BRIEF → Your answer must be every line of the data that contains "kawaii".

== RECORDS PROVIDED ==

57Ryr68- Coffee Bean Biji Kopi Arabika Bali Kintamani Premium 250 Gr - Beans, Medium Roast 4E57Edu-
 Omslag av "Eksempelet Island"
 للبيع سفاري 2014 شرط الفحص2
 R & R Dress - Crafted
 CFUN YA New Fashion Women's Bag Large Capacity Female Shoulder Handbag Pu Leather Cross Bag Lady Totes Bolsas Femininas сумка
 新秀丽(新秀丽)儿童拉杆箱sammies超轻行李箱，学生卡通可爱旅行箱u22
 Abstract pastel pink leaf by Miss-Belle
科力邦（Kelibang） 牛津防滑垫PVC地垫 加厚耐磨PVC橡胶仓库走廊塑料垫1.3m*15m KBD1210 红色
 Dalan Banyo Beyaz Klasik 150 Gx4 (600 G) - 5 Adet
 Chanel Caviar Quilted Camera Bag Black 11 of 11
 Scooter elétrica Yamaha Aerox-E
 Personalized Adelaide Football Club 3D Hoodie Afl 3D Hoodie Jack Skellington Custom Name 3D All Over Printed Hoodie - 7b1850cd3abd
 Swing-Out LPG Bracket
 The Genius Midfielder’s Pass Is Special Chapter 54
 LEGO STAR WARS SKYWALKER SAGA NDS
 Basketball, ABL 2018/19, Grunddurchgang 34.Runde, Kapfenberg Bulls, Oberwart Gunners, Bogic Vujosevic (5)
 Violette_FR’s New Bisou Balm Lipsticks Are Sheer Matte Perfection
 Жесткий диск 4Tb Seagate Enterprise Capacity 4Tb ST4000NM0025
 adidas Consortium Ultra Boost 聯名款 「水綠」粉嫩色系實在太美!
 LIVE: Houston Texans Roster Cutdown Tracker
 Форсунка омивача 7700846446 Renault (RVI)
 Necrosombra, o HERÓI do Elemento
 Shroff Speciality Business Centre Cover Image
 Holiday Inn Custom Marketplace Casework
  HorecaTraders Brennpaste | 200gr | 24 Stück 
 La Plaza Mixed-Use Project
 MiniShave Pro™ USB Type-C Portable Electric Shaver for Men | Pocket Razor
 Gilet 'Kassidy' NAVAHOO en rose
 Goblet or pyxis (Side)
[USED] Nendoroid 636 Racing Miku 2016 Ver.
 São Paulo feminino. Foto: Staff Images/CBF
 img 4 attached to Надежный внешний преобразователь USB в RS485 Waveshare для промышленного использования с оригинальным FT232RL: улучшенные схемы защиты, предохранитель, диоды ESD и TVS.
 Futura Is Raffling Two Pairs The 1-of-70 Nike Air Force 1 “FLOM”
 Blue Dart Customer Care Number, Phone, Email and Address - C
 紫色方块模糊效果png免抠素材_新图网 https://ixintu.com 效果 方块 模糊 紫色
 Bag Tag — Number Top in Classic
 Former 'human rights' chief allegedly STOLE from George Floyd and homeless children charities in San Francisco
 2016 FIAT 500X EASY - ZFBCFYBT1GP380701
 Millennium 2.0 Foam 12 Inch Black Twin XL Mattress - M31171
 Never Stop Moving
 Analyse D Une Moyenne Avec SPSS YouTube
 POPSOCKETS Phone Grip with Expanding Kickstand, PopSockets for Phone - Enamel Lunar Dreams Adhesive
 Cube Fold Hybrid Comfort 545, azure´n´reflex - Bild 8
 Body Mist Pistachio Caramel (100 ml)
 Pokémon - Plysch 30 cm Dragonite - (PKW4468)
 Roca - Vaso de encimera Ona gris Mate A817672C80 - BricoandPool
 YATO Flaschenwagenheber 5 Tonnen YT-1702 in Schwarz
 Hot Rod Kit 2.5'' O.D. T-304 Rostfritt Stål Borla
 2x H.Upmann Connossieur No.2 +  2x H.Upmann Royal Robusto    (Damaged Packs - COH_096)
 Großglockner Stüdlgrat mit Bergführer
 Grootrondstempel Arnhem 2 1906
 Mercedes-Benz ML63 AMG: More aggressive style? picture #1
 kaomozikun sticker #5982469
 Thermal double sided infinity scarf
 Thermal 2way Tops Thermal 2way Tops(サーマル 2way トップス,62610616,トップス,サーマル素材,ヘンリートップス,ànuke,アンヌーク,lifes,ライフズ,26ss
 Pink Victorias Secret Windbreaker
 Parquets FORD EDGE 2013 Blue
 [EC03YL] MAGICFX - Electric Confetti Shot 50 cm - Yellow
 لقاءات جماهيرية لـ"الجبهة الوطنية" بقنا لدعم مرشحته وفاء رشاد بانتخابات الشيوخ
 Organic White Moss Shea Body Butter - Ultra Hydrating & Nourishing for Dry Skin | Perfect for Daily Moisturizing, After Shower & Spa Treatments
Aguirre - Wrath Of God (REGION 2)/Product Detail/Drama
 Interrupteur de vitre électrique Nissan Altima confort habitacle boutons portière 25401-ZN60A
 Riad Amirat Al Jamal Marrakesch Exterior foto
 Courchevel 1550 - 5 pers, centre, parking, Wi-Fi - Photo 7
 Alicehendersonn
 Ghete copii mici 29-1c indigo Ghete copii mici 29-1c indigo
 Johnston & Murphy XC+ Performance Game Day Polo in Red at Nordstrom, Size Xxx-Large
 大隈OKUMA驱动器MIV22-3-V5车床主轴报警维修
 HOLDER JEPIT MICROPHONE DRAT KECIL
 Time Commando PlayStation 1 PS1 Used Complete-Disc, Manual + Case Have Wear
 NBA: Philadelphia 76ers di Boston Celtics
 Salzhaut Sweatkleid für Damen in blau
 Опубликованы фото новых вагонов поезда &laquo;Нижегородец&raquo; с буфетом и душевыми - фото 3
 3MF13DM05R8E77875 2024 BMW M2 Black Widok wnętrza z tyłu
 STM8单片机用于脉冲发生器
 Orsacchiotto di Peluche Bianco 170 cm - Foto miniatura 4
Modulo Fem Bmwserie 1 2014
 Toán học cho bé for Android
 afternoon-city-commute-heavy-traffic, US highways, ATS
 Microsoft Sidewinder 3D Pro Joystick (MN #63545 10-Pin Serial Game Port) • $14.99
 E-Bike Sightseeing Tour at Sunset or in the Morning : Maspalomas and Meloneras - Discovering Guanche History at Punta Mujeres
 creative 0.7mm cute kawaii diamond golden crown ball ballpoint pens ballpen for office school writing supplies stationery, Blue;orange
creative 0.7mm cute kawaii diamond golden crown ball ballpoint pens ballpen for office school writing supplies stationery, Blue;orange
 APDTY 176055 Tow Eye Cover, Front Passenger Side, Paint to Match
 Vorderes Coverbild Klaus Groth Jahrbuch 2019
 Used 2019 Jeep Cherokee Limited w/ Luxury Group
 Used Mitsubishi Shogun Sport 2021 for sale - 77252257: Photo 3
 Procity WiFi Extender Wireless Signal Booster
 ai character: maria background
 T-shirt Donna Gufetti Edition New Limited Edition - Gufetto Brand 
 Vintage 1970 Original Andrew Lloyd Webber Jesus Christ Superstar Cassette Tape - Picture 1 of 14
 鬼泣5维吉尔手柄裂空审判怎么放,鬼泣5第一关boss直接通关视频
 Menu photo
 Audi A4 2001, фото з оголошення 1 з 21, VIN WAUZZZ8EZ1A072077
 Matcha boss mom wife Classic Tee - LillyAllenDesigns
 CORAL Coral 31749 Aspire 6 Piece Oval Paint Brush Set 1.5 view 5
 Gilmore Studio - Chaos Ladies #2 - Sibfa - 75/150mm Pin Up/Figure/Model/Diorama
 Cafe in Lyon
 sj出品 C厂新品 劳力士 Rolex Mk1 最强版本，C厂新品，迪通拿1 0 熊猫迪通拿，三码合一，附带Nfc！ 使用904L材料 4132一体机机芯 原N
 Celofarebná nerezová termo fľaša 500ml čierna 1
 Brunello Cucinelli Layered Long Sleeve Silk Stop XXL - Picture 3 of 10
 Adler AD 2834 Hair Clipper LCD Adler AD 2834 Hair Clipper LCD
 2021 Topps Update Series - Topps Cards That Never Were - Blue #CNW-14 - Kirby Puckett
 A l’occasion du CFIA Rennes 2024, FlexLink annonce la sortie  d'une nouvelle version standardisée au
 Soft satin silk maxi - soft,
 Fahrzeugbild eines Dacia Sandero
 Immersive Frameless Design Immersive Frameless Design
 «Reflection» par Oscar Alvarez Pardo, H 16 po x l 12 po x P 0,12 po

===

TASK OUTPUT →
 creative 0.7mm cute kawaii diamond golden crown ball ballpoint pens ballpen for office school writing supplies stationery, Blue;orange
creative 0.7mm cute kawaii diamond golden crown ball ballpoint pens ballpen for office school writing supplies stationery, Blue;orange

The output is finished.